# The nightmare bowl



## LemonadeJay (Sep 30, 2014)

This story of this sycamore bowl started in the winter when my dentist told me he had some storm damage and I could come cut up as much of the sycamore as I wanted. Being a wood addict I loaded my Volvo SUV with a lot more wood than I needed or the car should carry.

As a thank you for the wood, I roughed out a bowl and set it to dry. Once it was dry enough, I decided to try stabilizing it in my new chamber. It got late in the day and I lost track of which pieces I had "cooked" in the oven. It became apparent to me that I forgot to "cook" this bowl when I had it on the kitchen table with a few other bowls for my wife to check out. When I picked it up, the resin from the bowl melted the finish on our kitchen table. Oops.

A few weeks later, I was going to get some more shop time in including cooking this bowl. I got the oven set and went to grab the bowl. Where was it? I thought about and realized I had put it on top of the car when I had to go to the store for something. I retraced my drive and found the bowl about a mile from home laying in the middle of the road. No cracks!

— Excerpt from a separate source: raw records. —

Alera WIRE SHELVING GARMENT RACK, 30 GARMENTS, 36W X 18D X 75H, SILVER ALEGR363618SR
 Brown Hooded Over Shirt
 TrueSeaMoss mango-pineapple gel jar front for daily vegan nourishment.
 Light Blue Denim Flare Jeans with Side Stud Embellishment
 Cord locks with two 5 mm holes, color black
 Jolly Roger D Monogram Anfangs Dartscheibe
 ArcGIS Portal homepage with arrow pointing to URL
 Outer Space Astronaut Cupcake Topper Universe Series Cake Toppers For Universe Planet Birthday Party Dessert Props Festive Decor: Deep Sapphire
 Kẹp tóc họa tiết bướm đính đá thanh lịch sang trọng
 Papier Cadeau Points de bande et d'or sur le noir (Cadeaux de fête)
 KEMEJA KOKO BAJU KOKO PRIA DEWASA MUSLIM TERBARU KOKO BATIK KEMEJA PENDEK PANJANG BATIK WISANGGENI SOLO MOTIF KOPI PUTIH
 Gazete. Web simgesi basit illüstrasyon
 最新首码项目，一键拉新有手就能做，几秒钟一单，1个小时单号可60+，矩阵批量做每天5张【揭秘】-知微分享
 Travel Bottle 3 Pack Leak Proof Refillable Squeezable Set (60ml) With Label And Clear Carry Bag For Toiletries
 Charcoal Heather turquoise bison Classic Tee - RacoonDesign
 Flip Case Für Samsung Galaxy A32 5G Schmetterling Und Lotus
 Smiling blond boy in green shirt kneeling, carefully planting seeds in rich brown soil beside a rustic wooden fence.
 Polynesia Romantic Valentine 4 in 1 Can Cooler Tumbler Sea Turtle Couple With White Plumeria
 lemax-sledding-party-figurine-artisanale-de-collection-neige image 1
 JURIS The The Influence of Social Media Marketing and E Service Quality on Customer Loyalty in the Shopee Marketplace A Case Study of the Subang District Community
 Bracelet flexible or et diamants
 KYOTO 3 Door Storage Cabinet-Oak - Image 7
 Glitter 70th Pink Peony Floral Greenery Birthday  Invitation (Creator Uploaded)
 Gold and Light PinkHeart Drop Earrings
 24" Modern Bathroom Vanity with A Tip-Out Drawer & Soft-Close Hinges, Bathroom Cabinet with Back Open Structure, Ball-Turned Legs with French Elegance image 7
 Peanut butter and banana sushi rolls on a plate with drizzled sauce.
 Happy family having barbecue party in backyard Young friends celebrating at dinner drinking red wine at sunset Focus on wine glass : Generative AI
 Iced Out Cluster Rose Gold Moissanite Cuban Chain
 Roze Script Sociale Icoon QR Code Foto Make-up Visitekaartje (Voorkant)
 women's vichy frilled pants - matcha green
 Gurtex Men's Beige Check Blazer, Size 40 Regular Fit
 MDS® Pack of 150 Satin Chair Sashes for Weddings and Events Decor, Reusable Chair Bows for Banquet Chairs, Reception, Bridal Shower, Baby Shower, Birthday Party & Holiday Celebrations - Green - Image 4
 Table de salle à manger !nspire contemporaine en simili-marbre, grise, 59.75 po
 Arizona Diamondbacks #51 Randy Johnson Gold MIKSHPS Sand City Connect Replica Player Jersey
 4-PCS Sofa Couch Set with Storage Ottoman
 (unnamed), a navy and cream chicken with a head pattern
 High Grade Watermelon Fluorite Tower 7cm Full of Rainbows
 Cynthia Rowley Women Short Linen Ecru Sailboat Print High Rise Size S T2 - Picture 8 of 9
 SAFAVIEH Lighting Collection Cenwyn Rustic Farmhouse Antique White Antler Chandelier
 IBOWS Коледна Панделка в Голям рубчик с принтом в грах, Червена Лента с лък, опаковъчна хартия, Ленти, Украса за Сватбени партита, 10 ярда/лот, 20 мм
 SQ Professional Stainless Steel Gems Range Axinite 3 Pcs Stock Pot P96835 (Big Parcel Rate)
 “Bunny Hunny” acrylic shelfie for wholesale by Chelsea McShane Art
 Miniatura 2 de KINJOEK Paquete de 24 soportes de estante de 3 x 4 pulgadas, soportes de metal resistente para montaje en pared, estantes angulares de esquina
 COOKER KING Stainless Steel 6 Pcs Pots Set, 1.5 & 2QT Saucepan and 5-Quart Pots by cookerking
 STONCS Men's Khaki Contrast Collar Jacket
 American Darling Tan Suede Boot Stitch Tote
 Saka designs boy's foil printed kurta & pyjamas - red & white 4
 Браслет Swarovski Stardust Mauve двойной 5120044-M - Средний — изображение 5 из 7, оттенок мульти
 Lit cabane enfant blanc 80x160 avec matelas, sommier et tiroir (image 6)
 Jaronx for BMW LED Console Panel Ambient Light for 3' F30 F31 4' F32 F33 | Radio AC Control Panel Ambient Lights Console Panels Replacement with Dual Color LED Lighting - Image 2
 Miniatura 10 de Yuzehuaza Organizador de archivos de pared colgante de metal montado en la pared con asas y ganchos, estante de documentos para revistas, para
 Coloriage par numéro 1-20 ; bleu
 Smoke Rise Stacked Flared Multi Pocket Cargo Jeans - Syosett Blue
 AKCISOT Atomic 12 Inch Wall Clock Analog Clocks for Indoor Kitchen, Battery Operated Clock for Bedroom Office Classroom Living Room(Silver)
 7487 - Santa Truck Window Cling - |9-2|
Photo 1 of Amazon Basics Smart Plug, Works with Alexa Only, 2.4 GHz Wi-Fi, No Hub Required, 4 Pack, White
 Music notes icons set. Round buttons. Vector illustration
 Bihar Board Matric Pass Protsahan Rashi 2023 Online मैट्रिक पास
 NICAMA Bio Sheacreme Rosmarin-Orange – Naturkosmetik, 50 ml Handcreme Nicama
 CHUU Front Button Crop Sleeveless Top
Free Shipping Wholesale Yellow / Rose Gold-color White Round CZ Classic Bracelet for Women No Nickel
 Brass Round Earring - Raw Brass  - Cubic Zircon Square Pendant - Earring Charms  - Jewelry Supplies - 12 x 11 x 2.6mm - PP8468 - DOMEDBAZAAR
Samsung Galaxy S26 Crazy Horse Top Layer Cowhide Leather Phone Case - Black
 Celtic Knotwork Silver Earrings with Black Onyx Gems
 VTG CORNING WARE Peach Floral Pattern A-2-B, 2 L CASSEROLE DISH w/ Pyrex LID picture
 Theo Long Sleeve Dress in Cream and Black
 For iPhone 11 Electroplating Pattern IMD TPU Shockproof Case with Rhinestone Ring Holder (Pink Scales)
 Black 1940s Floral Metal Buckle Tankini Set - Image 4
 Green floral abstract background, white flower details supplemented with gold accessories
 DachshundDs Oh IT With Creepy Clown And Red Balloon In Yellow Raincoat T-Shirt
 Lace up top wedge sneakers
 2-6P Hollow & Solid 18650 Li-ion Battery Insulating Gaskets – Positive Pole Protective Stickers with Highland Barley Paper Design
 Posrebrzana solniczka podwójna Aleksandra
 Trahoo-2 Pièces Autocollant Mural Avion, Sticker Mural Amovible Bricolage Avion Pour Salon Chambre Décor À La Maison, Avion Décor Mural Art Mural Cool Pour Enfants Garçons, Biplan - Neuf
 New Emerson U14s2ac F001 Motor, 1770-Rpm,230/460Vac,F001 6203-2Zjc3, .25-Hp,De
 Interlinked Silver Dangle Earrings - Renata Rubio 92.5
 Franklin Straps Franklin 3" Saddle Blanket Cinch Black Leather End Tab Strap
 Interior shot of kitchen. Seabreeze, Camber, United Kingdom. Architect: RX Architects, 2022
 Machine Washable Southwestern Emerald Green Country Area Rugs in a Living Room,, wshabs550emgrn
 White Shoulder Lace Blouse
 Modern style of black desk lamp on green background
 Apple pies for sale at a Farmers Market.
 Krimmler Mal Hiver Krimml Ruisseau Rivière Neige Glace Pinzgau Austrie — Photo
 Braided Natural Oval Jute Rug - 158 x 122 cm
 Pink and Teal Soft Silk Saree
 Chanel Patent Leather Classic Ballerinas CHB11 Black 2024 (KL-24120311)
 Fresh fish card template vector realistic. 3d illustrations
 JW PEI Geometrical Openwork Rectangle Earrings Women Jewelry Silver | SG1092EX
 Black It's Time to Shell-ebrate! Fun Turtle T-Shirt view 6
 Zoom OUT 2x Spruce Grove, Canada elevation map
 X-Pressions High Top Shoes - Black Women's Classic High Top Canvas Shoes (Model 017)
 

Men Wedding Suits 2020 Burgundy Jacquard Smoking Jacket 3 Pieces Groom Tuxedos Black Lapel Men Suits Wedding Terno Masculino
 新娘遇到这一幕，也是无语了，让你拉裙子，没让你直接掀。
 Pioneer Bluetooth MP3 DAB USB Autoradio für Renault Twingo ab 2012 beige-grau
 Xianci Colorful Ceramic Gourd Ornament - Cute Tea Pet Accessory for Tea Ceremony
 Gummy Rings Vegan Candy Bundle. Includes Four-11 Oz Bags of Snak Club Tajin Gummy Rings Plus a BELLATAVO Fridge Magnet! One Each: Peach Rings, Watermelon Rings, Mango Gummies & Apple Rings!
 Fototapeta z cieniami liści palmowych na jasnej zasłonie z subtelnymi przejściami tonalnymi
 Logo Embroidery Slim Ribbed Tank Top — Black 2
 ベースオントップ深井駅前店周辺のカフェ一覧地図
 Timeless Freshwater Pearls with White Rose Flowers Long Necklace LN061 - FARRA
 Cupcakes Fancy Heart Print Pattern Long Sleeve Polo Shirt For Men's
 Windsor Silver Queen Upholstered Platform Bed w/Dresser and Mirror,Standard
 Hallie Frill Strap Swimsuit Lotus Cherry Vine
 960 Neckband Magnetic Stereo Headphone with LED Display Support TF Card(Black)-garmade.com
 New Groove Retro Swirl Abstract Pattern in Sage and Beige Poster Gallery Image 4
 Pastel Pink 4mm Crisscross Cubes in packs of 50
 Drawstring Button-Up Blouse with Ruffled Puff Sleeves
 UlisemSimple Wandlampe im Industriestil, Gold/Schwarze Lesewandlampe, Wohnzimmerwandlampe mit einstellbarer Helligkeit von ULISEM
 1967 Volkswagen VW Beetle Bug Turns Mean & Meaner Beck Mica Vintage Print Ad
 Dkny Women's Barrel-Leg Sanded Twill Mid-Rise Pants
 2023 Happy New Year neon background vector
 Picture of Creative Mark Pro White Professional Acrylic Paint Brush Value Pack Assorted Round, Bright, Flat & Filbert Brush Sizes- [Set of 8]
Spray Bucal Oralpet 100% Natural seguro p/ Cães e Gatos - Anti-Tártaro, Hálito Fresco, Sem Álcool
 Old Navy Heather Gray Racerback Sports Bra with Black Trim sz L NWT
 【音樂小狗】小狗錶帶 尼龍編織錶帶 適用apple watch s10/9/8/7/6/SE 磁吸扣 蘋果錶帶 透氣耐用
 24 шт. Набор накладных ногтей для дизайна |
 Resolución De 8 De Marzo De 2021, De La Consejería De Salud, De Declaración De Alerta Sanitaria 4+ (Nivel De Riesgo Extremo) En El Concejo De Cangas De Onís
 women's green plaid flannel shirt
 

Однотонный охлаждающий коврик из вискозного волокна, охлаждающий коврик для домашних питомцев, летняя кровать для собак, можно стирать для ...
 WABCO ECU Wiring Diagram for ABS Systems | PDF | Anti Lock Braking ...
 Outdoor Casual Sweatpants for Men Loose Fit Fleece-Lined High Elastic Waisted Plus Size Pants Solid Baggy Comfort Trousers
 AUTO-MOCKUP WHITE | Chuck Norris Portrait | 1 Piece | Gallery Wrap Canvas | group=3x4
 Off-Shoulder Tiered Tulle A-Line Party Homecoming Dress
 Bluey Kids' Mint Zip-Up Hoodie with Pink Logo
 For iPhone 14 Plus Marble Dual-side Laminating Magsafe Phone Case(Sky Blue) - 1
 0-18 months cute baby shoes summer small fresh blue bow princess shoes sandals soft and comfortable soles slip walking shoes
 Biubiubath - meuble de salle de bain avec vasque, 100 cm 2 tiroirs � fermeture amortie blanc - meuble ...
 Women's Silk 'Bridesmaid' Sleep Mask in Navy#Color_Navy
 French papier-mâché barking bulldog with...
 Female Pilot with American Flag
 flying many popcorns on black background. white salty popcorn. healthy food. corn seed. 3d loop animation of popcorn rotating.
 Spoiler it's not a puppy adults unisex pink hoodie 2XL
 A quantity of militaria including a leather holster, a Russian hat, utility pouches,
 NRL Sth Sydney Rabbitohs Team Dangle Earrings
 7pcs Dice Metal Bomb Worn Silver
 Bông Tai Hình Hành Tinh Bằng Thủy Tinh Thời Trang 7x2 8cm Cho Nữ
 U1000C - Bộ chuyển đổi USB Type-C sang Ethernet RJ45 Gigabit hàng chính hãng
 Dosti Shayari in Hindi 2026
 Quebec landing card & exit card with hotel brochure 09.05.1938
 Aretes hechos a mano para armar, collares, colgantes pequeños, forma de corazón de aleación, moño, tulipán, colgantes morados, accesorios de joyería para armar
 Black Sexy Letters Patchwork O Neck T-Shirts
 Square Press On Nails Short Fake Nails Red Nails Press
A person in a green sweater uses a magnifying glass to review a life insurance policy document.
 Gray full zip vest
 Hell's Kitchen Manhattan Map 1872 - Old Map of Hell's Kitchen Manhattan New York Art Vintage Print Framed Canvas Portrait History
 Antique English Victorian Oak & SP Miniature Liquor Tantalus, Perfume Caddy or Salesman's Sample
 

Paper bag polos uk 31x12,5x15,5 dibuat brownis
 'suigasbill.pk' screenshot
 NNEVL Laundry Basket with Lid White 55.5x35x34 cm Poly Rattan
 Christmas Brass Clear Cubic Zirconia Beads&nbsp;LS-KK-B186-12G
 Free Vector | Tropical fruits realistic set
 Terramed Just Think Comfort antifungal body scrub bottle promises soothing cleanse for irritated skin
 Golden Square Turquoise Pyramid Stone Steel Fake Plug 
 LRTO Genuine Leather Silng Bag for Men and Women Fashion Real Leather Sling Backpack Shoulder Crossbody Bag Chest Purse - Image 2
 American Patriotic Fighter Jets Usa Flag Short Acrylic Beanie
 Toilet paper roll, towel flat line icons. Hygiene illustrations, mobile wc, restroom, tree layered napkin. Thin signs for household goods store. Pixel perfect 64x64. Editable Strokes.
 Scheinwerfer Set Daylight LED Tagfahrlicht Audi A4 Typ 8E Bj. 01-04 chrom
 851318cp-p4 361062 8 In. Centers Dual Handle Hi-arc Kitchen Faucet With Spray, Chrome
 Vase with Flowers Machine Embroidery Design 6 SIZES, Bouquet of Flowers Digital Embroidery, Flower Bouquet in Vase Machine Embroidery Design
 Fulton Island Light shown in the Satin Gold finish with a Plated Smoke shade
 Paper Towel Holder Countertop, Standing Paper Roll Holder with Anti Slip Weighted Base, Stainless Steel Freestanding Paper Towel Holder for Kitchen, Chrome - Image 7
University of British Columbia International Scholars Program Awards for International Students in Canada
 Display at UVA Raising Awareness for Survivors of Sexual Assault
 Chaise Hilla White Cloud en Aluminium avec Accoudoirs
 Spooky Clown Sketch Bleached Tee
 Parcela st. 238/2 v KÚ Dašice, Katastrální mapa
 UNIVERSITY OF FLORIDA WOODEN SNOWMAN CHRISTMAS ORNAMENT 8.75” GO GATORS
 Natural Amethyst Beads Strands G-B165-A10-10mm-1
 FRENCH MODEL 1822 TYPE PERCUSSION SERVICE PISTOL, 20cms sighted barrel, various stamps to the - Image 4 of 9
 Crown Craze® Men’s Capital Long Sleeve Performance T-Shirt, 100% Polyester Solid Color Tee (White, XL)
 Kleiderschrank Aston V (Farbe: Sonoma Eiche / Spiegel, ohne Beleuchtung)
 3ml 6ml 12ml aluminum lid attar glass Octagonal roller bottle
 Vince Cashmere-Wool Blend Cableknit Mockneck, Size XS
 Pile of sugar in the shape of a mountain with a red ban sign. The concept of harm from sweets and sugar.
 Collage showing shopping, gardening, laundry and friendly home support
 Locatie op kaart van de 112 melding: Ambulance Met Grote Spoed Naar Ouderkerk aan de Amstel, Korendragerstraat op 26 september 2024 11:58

I jumped out of the car and drove home to get this bowl in the oven once and for all. I wrapped it in foil and put it in the oven to cook. I got sidetracked by something or other and went to the oven to take the bowl out and it was smoking. I burned the darn thing. A design opportunity? I am not so sure. It now has some hairline cracks. Time to rough out another sycamore bowl for my dentist . I guess, I am keeping this one.

Reactions: Funny 6


----------



## manbuckwal (Sep 30, 2014)

I guess it became a big flying saucer !


----------



## bench1holio (Oct 1, 2014)

Sounds like this one wasnt meant to be!
Nice save


----------



## ironman123 (Oct 1, 2014)

Some story. Thanks.


----------



## Mike1950 (Oct 1, 2014)

Looks nice but you should have burned it- it was a "BAD" bowl...........

Reactions: Agree 1


----------



## Nature Man (Oct 1, 2014)

You just gave it more character! Chuck


----------



## Kevin (Oct 1, 2014)

That's a funny tale. I guess you could call it the bowl version of the movie the Money Pit. Always biting you in the fanny when you least except it.

Reactions: Funny 1


----------



## Mike Turner (Oct 15, 2014)

Some for one reason or another just dont work out.I run into some problems with flutes. Every piece is not destined to become a flute, bowl etc.


----------